┌─ Material to process
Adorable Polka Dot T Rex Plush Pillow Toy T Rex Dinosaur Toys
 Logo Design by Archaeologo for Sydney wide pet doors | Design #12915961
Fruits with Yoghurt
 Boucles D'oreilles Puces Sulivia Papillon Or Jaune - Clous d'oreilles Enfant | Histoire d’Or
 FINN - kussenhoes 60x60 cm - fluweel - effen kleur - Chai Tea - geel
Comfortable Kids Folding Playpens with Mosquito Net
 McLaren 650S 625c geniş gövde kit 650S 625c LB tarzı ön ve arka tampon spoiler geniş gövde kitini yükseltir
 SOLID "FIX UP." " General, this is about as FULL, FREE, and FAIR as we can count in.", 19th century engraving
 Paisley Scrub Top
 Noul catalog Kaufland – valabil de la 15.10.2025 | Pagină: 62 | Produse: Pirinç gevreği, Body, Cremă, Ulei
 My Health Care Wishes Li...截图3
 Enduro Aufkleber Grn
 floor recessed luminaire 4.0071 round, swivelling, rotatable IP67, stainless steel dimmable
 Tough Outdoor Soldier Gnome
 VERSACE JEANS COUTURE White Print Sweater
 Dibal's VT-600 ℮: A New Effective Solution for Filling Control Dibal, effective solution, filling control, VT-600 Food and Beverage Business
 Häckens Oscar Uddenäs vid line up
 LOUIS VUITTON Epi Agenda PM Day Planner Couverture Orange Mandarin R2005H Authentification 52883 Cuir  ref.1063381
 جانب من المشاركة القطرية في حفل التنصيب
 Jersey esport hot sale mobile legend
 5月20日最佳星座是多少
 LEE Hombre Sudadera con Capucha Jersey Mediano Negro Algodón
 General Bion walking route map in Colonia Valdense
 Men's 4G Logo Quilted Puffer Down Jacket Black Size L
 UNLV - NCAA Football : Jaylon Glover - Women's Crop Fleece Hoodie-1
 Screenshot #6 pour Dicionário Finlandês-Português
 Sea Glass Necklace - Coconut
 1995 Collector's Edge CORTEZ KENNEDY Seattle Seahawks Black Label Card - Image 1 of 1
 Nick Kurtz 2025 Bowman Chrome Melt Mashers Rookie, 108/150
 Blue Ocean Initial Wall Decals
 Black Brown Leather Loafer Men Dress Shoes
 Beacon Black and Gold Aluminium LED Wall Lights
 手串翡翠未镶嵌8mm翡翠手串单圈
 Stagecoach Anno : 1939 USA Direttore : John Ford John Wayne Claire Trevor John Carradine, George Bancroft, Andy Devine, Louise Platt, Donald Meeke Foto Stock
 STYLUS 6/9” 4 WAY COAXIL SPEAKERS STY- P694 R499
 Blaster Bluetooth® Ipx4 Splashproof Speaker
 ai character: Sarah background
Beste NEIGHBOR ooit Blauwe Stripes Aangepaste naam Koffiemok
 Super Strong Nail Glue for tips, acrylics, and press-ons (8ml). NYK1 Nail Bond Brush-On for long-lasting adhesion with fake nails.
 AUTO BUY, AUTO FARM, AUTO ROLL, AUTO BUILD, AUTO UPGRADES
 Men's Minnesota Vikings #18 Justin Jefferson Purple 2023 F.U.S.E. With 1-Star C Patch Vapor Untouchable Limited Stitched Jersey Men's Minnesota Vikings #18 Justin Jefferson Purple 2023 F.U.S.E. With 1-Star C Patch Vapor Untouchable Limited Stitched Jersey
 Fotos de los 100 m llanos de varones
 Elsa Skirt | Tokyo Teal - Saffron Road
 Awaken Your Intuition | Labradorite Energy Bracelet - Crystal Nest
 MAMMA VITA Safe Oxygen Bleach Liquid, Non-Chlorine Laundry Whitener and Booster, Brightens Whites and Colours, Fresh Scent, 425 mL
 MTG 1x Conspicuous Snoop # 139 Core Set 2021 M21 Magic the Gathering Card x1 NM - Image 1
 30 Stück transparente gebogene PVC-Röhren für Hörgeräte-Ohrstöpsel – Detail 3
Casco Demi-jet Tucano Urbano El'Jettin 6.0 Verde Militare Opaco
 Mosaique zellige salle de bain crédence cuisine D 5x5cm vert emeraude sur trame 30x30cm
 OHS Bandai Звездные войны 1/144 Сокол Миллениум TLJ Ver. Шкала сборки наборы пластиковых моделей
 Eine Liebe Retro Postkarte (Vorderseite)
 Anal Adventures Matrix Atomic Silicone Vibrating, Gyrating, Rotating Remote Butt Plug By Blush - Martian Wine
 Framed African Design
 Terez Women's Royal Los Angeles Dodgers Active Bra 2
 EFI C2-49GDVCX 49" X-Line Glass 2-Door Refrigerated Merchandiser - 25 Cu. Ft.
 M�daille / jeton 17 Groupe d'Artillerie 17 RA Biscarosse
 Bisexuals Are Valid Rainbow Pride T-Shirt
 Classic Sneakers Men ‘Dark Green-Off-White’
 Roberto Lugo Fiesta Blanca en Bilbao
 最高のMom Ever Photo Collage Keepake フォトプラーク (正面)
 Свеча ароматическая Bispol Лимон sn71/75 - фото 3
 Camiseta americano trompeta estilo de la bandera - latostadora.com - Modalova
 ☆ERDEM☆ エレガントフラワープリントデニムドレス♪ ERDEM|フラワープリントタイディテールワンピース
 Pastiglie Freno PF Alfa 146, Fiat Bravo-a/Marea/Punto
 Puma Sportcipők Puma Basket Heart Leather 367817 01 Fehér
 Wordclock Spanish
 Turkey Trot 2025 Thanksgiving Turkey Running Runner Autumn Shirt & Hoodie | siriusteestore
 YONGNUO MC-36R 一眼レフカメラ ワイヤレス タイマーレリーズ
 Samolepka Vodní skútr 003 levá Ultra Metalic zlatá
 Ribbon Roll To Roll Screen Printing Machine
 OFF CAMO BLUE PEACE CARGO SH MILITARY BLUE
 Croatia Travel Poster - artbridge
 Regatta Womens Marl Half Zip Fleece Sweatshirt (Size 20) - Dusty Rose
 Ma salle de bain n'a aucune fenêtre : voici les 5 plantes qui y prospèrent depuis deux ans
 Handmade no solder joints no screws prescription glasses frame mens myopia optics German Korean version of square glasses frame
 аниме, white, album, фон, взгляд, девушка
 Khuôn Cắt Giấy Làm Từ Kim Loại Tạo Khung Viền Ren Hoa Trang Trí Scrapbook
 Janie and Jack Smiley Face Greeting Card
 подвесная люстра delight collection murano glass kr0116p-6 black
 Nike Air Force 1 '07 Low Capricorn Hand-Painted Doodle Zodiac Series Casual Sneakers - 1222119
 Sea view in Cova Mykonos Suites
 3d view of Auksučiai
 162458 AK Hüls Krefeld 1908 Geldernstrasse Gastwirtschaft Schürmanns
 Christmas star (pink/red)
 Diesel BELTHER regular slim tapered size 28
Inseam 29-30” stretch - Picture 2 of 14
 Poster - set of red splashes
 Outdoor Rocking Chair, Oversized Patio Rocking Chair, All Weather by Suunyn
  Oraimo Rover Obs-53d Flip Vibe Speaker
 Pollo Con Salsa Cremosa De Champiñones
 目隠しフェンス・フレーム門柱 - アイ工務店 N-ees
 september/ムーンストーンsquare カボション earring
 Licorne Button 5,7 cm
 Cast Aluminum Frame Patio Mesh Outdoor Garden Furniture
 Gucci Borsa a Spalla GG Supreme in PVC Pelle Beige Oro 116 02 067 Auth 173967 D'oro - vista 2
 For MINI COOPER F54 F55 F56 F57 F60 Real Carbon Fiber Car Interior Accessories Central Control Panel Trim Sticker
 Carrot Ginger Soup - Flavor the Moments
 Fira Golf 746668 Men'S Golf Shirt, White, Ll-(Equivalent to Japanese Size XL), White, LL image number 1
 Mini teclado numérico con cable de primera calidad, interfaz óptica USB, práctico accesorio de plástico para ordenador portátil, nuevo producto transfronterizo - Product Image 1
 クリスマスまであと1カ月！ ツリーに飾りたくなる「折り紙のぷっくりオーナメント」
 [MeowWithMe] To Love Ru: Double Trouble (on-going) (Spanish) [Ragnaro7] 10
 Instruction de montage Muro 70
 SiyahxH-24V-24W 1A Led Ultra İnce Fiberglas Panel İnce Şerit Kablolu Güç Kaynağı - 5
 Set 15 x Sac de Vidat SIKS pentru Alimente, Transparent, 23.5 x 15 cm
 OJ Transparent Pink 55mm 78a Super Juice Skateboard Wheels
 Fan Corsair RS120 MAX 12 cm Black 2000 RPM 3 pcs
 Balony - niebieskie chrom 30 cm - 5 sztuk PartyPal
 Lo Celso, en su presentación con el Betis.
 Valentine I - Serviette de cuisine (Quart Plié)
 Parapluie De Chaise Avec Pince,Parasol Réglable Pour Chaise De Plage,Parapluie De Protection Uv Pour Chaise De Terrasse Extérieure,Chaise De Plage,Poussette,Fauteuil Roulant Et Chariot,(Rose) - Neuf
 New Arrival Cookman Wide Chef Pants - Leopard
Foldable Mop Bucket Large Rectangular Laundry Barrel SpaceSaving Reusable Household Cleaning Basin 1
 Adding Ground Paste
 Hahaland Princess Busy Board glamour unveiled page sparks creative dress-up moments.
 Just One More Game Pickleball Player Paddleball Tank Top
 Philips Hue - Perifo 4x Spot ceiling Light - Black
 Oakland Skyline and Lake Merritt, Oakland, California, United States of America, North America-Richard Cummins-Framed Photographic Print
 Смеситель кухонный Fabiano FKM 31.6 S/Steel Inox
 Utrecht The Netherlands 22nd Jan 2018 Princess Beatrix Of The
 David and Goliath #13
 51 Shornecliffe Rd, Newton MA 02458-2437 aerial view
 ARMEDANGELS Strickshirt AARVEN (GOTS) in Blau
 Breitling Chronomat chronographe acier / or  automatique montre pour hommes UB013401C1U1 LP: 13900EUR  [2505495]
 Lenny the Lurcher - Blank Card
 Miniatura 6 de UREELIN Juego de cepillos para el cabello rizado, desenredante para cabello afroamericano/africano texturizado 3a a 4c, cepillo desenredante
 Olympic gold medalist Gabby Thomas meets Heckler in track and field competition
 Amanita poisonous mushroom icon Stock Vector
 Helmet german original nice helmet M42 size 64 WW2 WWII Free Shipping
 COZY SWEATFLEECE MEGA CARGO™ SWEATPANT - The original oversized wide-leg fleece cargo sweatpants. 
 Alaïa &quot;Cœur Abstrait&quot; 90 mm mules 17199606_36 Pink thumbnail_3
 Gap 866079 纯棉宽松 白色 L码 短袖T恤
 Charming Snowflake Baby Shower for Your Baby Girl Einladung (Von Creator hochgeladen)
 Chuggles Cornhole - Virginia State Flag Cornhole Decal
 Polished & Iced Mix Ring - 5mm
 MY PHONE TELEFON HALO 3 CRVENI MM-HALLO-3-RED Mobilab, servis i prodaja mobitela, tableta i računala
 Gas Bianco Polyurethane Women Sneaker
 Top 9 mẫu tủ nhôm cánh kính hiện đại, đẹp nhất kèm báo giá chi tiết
└─
**Required work:** After locating the line with "جانب من المشاركة القطرية في حفل التنصيب" above, return that line and every later line through the one with "General Bion walking", word for word and with nothing else.

**Answer to this task:**
 جانب من المشاركة القطرية في حفل التنصيب
 Jersey esport hot sale mobile legend
 5月20日最佳星座是多少
 LEE Hombre Sudadera con Capucha Jersey Mediano Negro Algodón
 General Bion walking route map in Colonia Valdense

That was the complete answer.